The business address and principal office of each Reporting Person is One Rockefeller Plaza, 32nd Floor New York, NY 10020.
AC I is a limited liability company formed for investment purposes, and its sole member is Ripplewood Partners II, L.P., a private investment fund, the general partner of which is Ripplewood Partners II G.P., L.P., the general partner of which is RP II GP, LLC, the sole member of which is Collins Family Partners, L.P., which is managed by its general partner, Collins Family Partners, Inc. AC II is a limited liability company formed for investment purposes, which is managed by Ripplewood Partners II Parallel Fund, L.P., a private investment fund, the general partner of which is Ripplewood Partners II G.P., L.P., the general partner of which is RP II GP, LLC, the sole member of which is Collins Family Partners, L.P., which is managed by its general partner, Collins Family Partners, Inc. Mr. Collins is the president and sole shareholder of Collins Family Partners, Inc.

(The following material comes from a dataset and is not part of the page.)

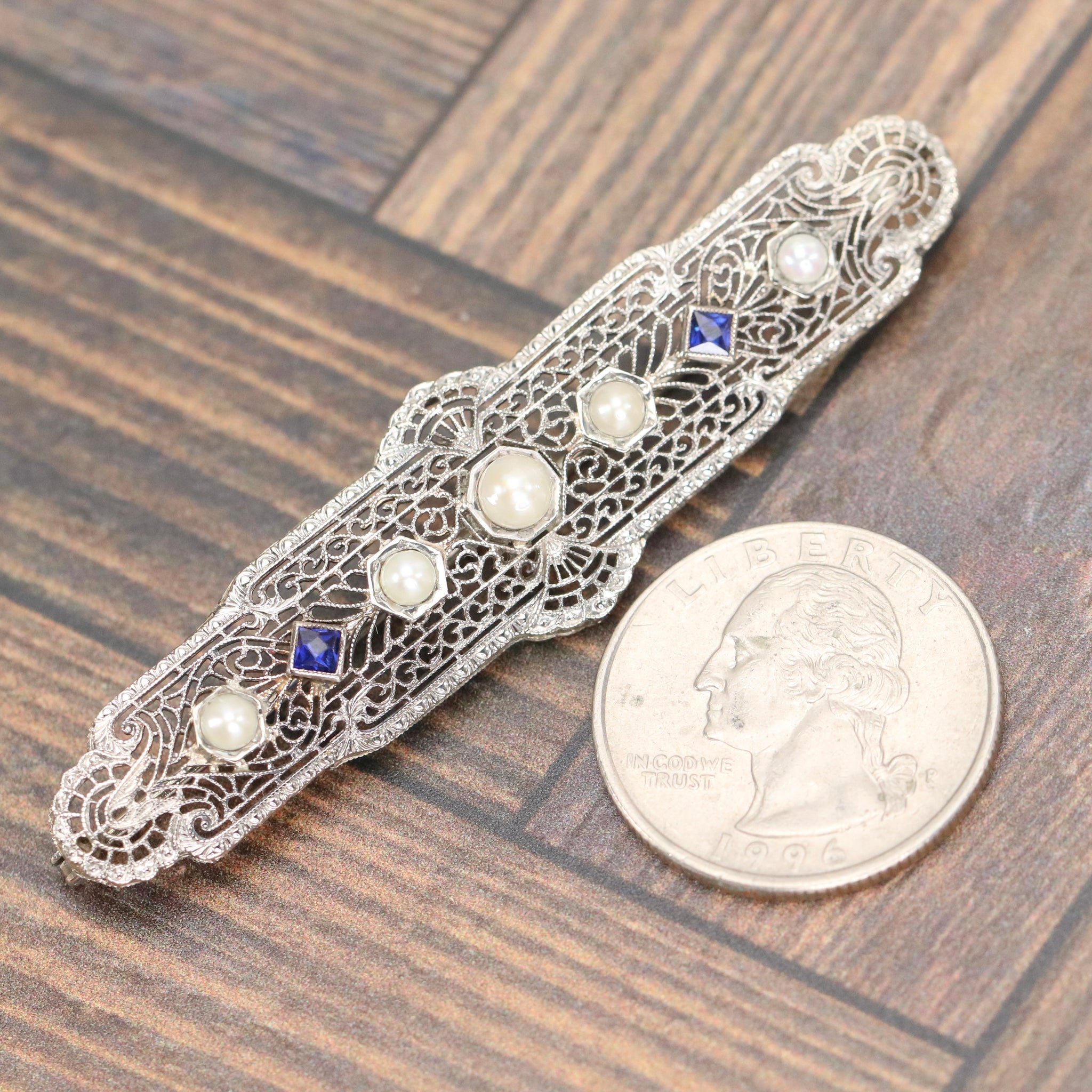 Filigree brooch online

Information with respect to each Reporting Person is given solely by such Reporting Person, and no Reporting Person assumes responsibility for the accuracy or completeness of information by another Reporting Person.
(d) No Reporting Person, during the last five years, has been convicted in a criminal proceeding (excluding traffic violations or similar misdemeanors).
(e) No Reporting Person, during the last five years, has been a party to a civil proceeding of a judicial or administrative body of competent jurisdiction and as a result of such proceeding was or is subject to a judgment, decree or final order enjoining future violations of, or prohibiting or mandating activities subject to, federal or state securities laws or finding any violation with respect to such laws.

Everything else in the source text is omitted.